You think you're so clever for taking advertising so much further and creating 'conversations'. It only sounds clever because you're pretending it's advertising when it's actually PR.
Hugh, I've given this a lot of thought over the last several months thanks in large part to you and I have to say you're missing the chief, key, workable point so far.
I'm very clear now that the only way the blog ideas, messages, or products that those represent can be responded to is if, and only if, they genuinely mean something to the blogger. And not just a vested "interest in their success." I have concluded that it is the authentic passion, care, and enthusiasm of the blogger that is the magic factor here that forces the reader to engage. If anyone ever talked about a company, person, or object for sale that they really did not support thoroughly readers would a.) know it and b.) not care about it.
Conversely, if any of my, note the possessive term, bloggers shared something that they themselves respond to I would be highly likely to respond in kind as well. This is simply because what matters to one with shared values and beliefs logically matters to another.
Let me throw out an idea for you to consider in the development of your mechanism for this, what if there were a Google like auto-sort for all readers? What if my profile said; female, early forties, slightly whacked out, new-agey, Californian-American, into art, quantum-philosophy, and fine Shiatsu, etc. And what if the initial sort of my likes and ideas were codified to create a category system whereby bloggers would be sent out to my computer on an audition of sorts to see whether they floated my boat? If not, there would be a further winnowing down sort from the millions of blogs until I connected to those that were a wow for me.
Now, this is naturally being done in a mid-tech way right now by my simply checking out all the blog links of my daily bloggers and finding those that share in the good stuff I like.
Anyway, you are onto it all. I heard the figure was 2 million new blogs going live each month in the US. Seems we're going to need some sort of a filter pronto. Do you see any value in creating such a massively successful product yourself?
I hear what you're saying, Shelley.
I don't think I'm missing this key point you speak of.
I take "genuinely meaningful" as a given. But how it manifests itself is debatable, or at least, fluid.
[Wow!] ...2 million new blogs a month is A LOT.
I wonder if it's true or not. No matter, I'm sure the number's insanely huge, regardless.
What's that thingamy thingy? It looks pretty much like vaporware, with NO concrete information at all, just bla bla bla.
And Stormhoek? That website shows your blog, so where's the "real" product?
I'm not sure if blogvertising will work at any real scale, since you say yourself that it must not appear commercial, but honest.
"I'm not sure if blogvertising will work at any real scale..."
You being unsure is usally a good sign, Ulrich ;-)
If your blogvertising is to succeed you'll have to be sure that the contents reach the right target group.

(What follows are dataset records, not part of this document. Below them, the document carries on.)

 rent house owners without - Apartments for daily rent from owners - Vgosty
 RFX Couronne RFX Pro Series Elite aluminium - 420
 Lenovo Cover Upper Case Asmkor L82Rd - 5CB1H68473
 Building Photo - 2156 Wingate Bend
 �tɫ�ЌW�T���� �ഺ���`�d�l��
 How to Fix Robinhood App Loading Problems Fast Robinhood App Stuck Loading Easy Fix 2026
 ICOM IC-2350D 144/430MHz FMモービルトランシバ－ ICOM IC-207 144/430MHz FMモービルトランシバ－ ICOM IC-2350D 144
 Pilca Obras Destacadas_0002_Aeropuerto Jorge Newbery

For instance; How many Norwegian readers do you have? (I'm asking this question because I have something in my mind..)
advertising is dead
blogvertising = advertising on blogs
blogvertising is stillborn
or is that too cynical? Surely people read blogs to consider and discuss ideas and in doing so permit the author to send them ideas and occassionally recommendations. As soon as money impinges on the recommendations that the author makes, then the whole relationship has changed and it becomes interruptive marketing.

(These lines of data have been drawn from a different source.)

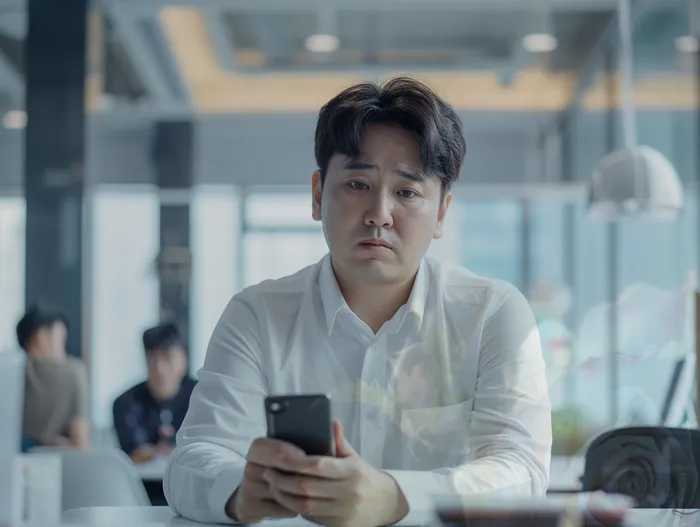 개인파산법무사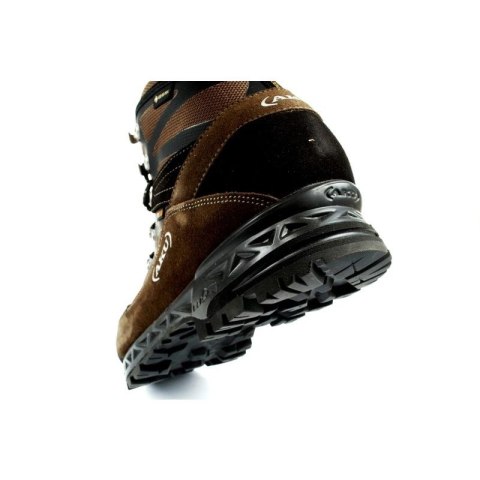 Buty Aku Trekker Pro Gore-Tex M 844475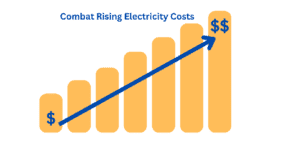 Energy Bills – Saving On Australian Electricity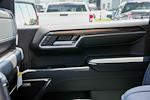 2024 Chevrolet Silverado 1500 Crew Cab 4x4 Pickup for sale #B40253 - photo 37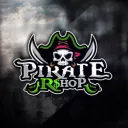 Ꮲirate Տtudio
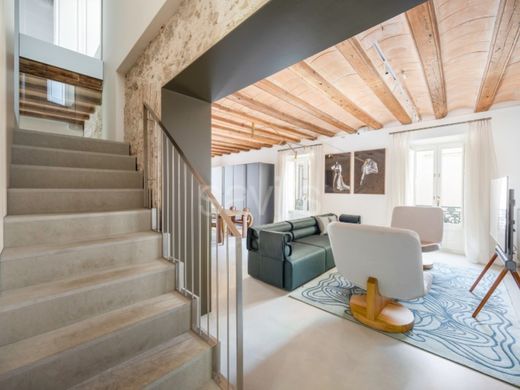 Διαμέρισμα σε Βαρκελώνη, Província de Barcelona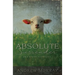 Absolute Surrender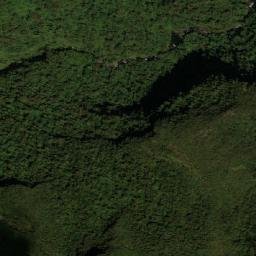 Satellite imagery of Alto Salamina, CO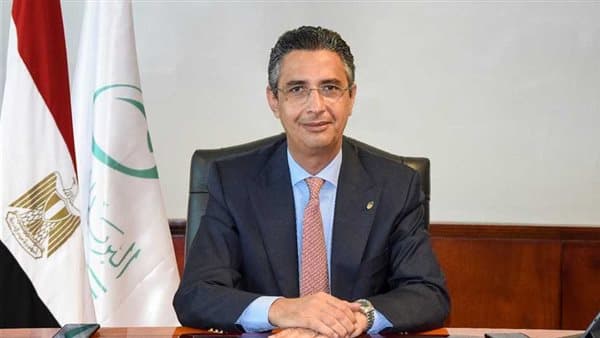 Ministry of Supply Sets New Bakery Licensing Rules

I read recently that while Generation X has great disdain for advertising, Generation Y doesn't. Everybody is part of the buying and selling of goods. If you impart genuine knowledge about something interesting, then where's the beef?

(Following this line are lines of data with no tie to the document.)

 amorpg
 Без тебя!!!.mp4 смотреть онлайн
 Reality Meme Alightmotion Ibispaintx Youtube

I'm with Hugh. Blogverts are testimonials, not ads. Blogs personality encourages us to trust the people who write them (if we don't we tend to stop reading). Blogverts will fail the more concious they become. Hugh's good at it because he only pushes products he like - Ogilvy (what a hero) - did the same thing.
It's the Apple effect - people rave because they actually like the product. Blogvertising shit won't work unless the blogger's cretinous enough to like rubbish.
Doing it for money will simply undermine the blog.